YOUR ASSIGNMENT. Print, from the listing below, the lines starting at the line containing "Gondol Kadın Hakiki" and ending at the line containing "Urban Nest Detelinara", exactly as they stand, and print nothing else.
>>>
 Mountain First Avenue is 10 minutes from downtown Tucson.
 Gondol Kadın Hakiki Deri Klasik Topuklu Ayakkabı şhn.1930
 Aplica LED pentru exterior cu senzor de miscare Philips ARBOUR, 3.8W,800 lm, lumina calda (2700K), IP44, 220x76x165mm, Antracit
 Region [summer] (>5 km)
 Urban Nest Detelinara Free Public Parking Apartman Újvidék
<<<
>>>
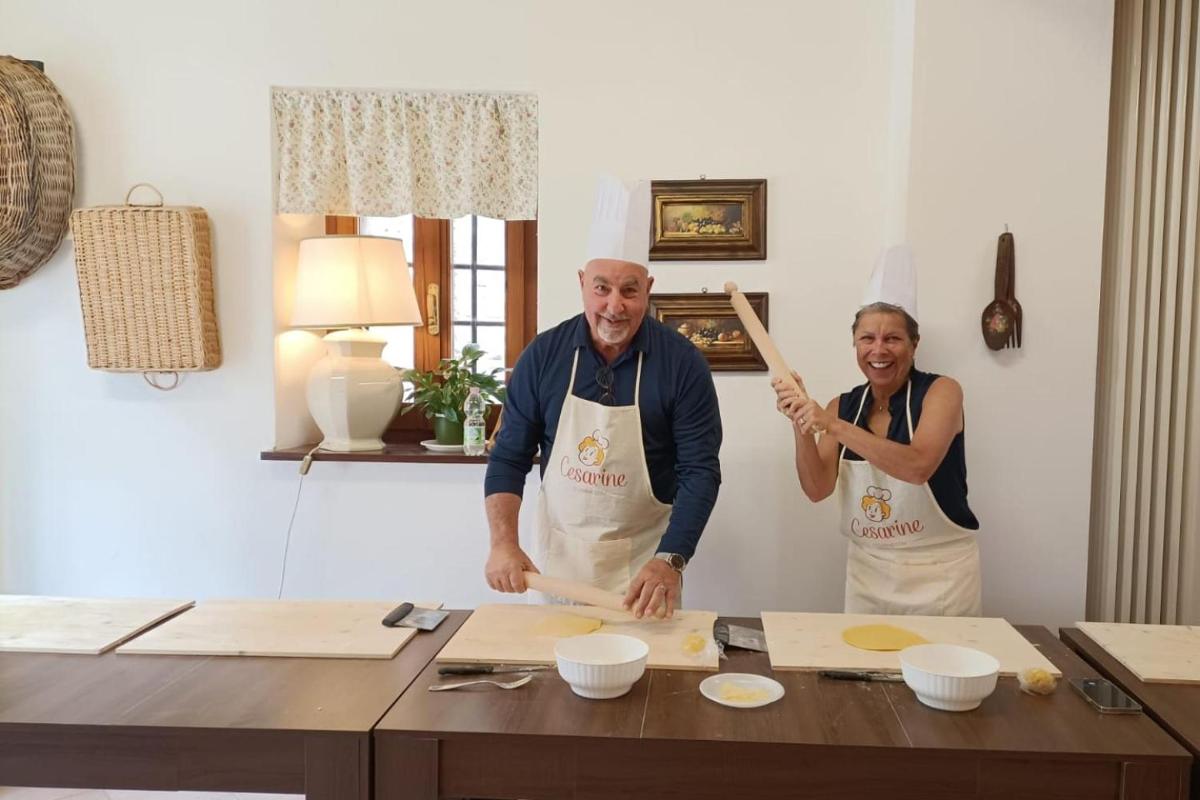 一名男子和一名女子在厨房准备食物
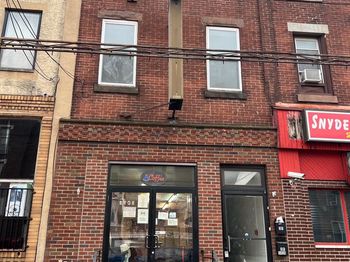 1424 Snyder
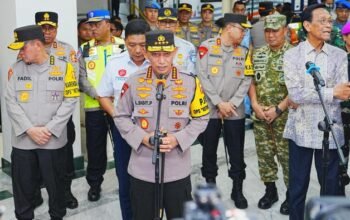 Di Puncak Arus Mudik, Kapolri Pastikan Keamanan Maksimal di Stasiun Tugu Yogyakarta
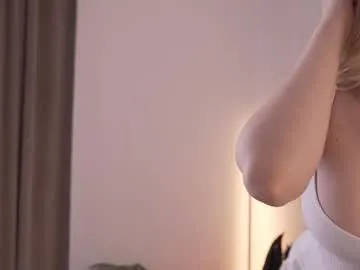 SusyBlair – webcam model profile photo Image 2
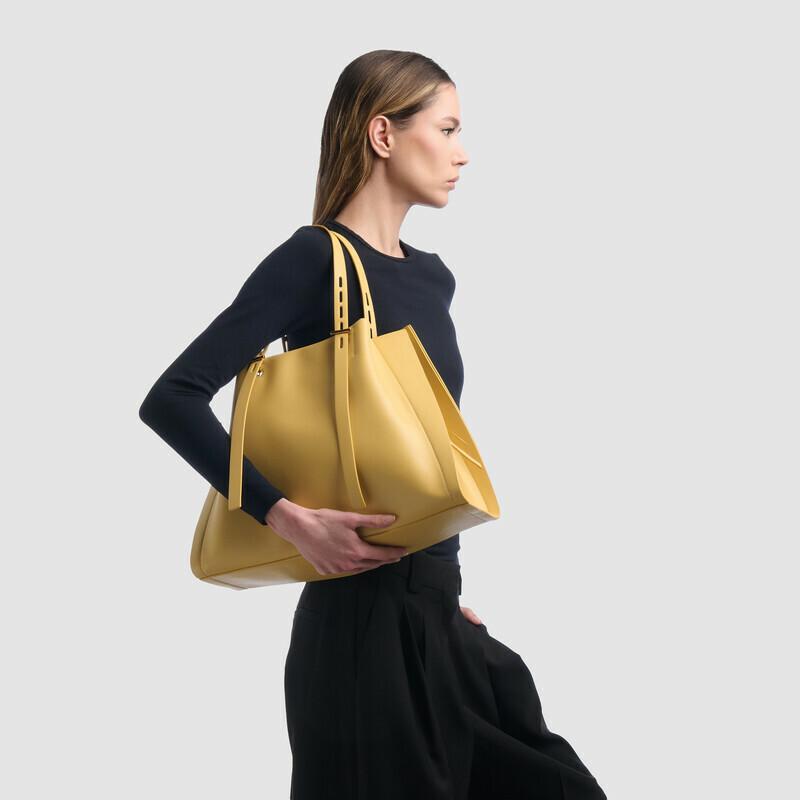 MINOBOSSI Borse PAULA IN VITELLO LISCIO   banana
<<<
SOLUTION TO THIS PROBLEM.
 Gondol Kadın Hakiki Deri Klasik Topuklu Ayakkabı şhn.1930
 Aplica LED pentru exterior cu senzor de miscare Philips ARBOUR, 3.8W,800 lm, lumina calda (2700K), IP44, 220x76x165mm, Antracit
 Region [summer] (>5 km)
 Urban Nest Detelinara Free Public Parking Apartman Újvidék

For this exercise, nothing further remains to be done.